Metrics: SAH Ratio and Accuracy

The paper introduces the SAH Ratio to quantify the proportion of aggregation errors among all hallucination cases. The metric is defined as:

$\text{SAH Ratio} = \frac{\text{OutAcc} - \text{InAcc}}{1 - \text{InAcc}}$

where OutAcc and InAcc denote accuracy on out-of-video and in-video hallucination pairs, respectively. This formulation isolates the contribution of SAH from other error sources and enables interpretable, model-agnostic analysis.

Experimental Results and Analysis

Extensive experiments are conducted on 14 open-source Video-MLLMs (1B–78B parameters) and two closed-source models (GPT-4o, Gemini 2.5 Flash). Results confirm that SAH is a persistent challenge, with most models exhibiting substantially lower accuracy on in-video hallucinated captions compared to out-of-video ones. Notably, SAH does not necessarily correlate with overall hallucination rates, and its severity increases with semantic complexity (i.e., more events per video).

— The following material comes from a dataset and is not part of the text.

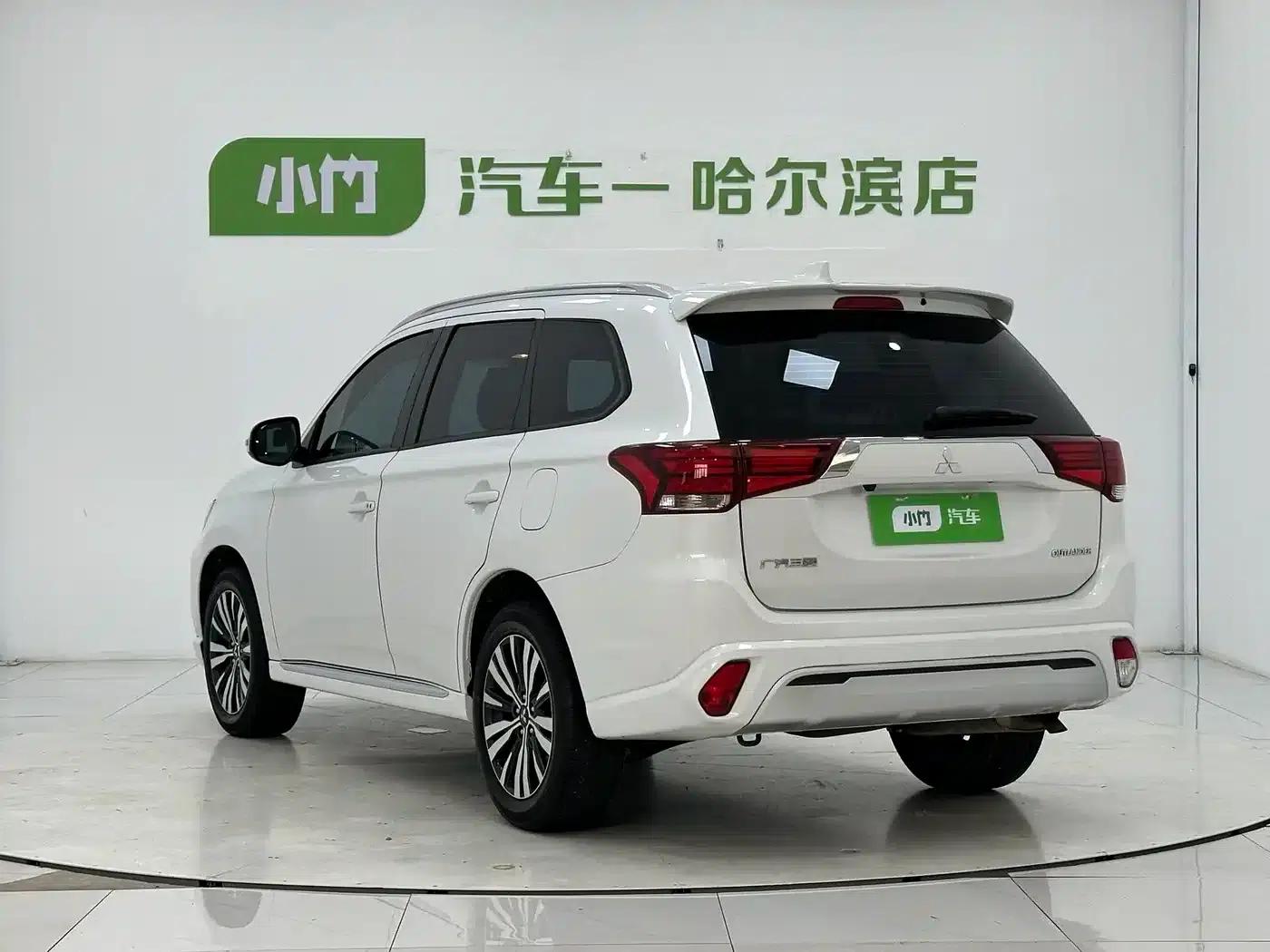 Outlander 2021 Facelift 2.0L 2WD Enjoy Edition 5-Seater — миниатюра 4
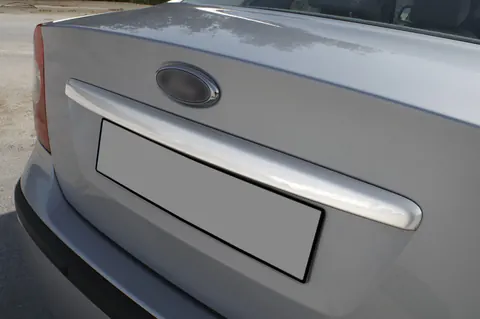 Накладка на кришку багажника (Sedan, нерж.) OmsaLine - Італійська нержавійка для Ford Focus II 2005-2008 рр — Ford Focus II 2005-2008 гг. DianaParts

Figure 6: SAH Ratio vs. Event Count, demonstrating positive correlation between semantic complexity and SAH.

SAH is most prevalent in aspects with rapid temporal variation, such as visual details and actions, and least in declarative content.

Figure 7: SAH Ratio across different semantic aspects, with highest values for Visual Details and lowest for Declarative Content.

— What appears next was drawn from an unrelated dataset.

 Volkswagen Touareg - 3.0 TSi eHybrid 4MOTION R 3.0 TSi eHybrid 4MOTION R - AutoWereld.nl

Increasing the number of sampled frames generally improves overall hallucination accuracy but also increases SAH ratio, indicating a trade-off between semantic coverage and aggregation risk. Larger model sizes yield higher overall accuracy but do not consistently reduce SAH, suggesting that scaling alone is insufficient to address aggregation errors.

Figure 8: Qwen2.5-VL accuracy vs. frame count, illustrating the impact of frame sampling on hallucination performance.

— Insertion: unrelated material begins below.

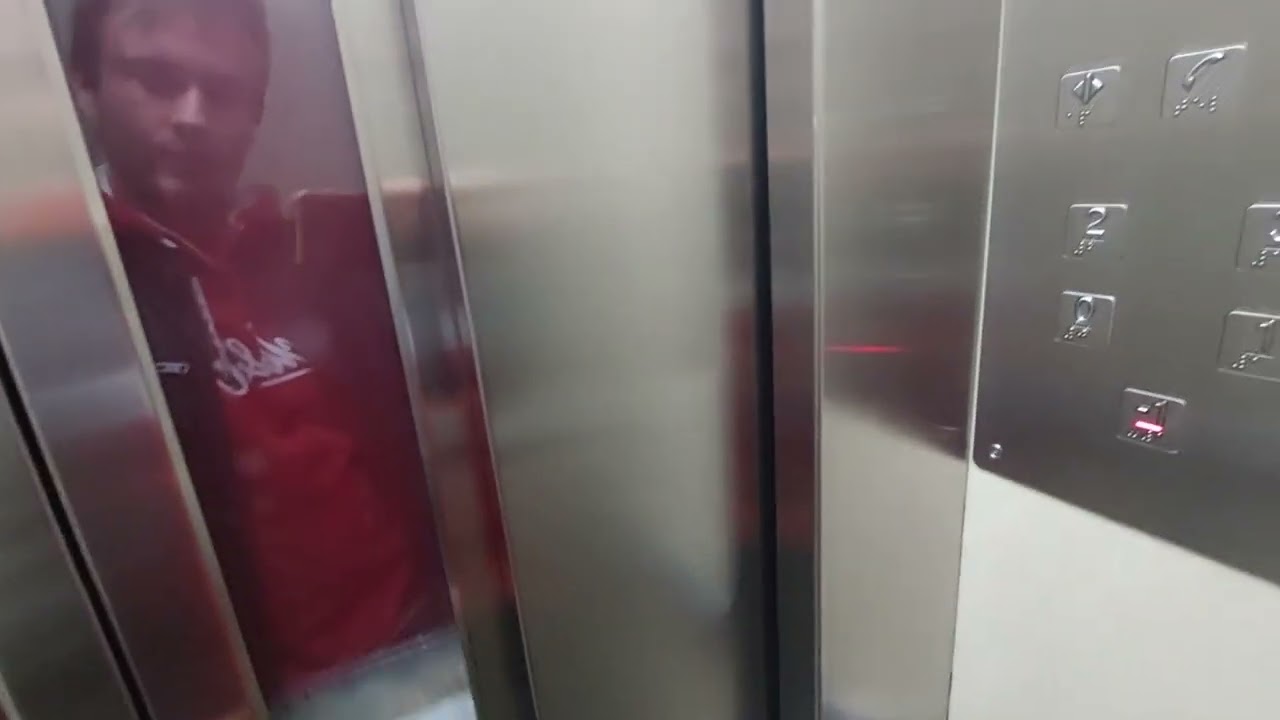 Omega lift in a 3 story in Reus - Esc. E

Mitigation Strategies: Positional Encoding and DPO

The paper investigates mitigation strategies for SAH, focusing on positional encoding and Direct Preference Optimization (DPO). Stronger RoPE variants (e.g., VideoRoPE) enhance the model's ability to bind semantic relationships across frames, reducing SAH ratio but not necessarily improving overall hallucination rates.

DPO is applied using adversarial QA pairs, with in-video pairs yielding the most significant reduction in SAH (27.7%) and a modest improvement in general video understanding performance. Attention heatmaps reveal that DPO with in-video pairs effectively suppresses attention to semantically plausible but incorrect regions, providing a mechanistic explanation for improved aggregation.

Figure 9: Attention Gap Heatmap after DPO with in-video pairs, with blue regions indicating reduced attention to incorrect semantic groups.

Implications and Future Directions

The identification and systematic evaluation of SAH in long-video understanding have significant implications for the development of reliable Video-MLLMs. The results demonstrate that aggregation errors are not mitigated by increased model capacity or naive scaling of input frames, but require targeted architectural and training interventions. The benchmark and mitigation strategies proposed in this work provide a foundation for future research on robust semantic aggregation, temporal reasoning, and event-level grounding in multimodal models.

Potential future directions include scaling the dataset, exploring alternative aggregation mechanisms, and integrating explicit event segmentation into model architectures. Further investigation into the interplay between language priors and visual evidence in long-context scenarios is warranted, as is the development of more sophisticated evaluation protocols for real-world long-video applications.

Conclusion

ELV-Halluc establishes a rigorous framework for benchmarking and analyzing Semantic Aggregation Hallucination in long-video understanding. The work demonstrates that SAH is a distinct and critical error mode, exacerbated by semantic complexity and rapid temporal variation. Mitigation via positional encoding and DPO is effective but not sufficient, highlighting the need for continued research into aggregation-aware architectures and training paradigms. The benchmark, dataset, and analysis presented herein are essential resources for advancing the reliability and interpretability of Video-MLLMs in complex, multi-event scenarios.